Looking To The Olympics For A Lesson In Body Diversity

By Heidi Stevens
Chicago Tribune

WWR Article Summary (tl;dr) Artist Wendy Fox has launched a Kickstarter campaign to fund a project that would highlight the body diversity of female athletes at the Rio Olympics. She’s hoping to raise $37,339 ($50,000 in Australian dollars; Fox is based in Melbourne) by Aug. 25 to create a book and poster of the Rio gold medalists.

Chicago Tribune

After the 2012 Olympic Games in London, artist Wendy Fox embarked on a project to show the stunning body diversity among female gold medalists.

“There’s way too much emphasis on what the female body looks like,” she told me at the time. “I want this project to celebrate what the female body can do.”

She collected the heights, weights and ages of every female gold medalist from 2012 (data available on the Olympics website) and illustrated a giant poster of all 276 of them, from shortest (Chinese gymnast Deng Linlin) to tallest (American basketball player Sylvia Fowles, who used to play for the Chicago Sky).

She wants to do the same for Rio.

“Athletes are role models,” she told me. “Athletes come in vastly different shapes and sizes, as do regular women.”
But you wouldn’t necessarily know it from looking at magazine covers.

“Coverage for women’s sports does increase significantly during the Olympics, however it tends to limit its coverage to the more feminine, glamorous, let’s-appeal-to-men sports like beach volleyball,” she said. “Objectifying women by giving coverage preference to the athletes that most resemble models is detracting from the athletic accomplishments, and it treats women as if they are entertainment.”

And it only tells a fraction of the story, the same fraction we already see and hear in non-Olympics media coverage.

“That is, pretty much in this order, we should be lean and toned, small-waisted, have ample breasts, long legs and be of reasonable height but not too tall,” Fox said. “Even plus-size models are pretty much larger versions of the same overall shape.”

This week, Fox launched a Kickstarter campaign to fund her Rio project. She’s hoping to raise $37,339 ($50,000 in Australian dollars; Fox is based in Melbourne) by Aug. 25 to create a book and poster of the Rio gold medalists.

“When I was watching the London Olympics, I was really amazed by the physical diversity of the female athlete,” Fox says in the Kickstarter video. “And I realized, you know, I’m watching the healthiest, fiercest, fastest women in the world. And they don’t have bodies that adhere to the model ideal. They have bodies that adhere to athleticism.”

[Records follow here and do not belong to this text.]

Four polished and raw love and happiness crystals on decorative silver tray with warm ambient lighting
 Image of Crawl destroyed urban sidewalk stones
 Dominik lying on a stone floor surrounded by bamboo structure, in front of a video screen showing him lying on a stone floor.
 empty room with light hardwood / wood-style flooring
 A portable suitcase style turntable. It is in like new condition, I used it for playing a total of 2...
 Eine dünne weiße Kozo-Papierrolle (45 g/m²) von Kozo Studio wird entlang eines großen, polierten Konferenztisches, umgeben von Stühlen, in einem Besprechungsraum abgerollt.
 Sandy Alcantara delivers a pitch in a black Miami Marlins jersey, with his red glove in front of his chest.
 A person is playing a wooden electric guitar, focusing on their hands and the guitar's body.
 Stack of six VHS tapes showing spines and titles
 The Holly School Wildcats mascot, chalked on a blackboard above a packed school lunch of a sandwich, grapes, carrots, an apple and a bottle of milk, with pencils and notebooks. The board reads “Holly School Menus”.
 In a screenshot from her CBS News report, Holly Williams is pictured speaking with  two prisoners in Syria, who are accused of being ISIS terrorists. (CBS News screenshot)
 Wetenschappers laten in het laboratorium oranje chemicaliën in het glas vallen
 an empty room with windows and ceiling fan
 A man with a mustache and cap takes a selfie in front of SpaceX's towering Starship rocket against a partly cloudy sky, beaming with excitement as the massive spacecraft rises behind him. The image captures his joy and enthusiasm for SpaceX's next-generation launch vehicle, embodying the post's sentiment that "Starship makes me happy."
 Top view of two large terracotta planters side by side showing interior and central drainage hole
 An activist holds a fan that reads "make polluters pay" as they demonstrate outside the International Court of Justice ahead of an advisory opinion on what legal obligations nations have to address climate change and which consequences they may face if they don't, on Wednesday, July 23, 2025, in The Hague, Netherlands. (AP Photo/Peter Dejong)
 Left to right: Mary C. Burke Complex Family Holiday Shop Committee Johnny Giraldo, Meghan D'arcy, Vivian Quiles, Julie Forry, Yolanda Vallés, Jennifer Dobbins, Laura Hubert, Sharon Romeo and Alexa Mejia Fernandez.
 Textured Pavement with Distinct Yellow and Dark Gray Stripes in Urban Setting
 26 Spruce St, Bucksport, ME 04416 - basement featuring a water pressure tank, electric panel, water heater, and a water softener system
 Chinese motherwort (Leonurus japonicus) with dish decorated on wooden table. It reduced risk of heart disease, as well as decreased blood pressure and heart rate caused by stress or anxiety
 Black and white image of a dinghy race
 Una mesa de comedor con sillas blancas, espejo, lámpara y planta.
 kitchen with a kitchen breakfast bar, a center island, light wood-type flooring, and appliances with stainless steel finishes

Fox hopes to illustrate, once again, that strong and healthy can look hundreds of different ways.

“Watching women embracing and working with what they have, rather than thinking their bodies have to fit a culturally prescribed type, is a hugely positive message to send,” she said.

And we have to do our part to embrace more than one ideal.

Nineteen-year-old gymnast Simone Biles, predicted to win the Olympic all-around title in Rio, told New York Magazine she was teased for her muscular frame as a tween. “I always hid it with a jacket,” she said. “I was always wearing a jacket.”

But lately …

“People’s reactions have changed over the past few years,” the article states, “which Biles credits to an appreciation of stronger bodies.”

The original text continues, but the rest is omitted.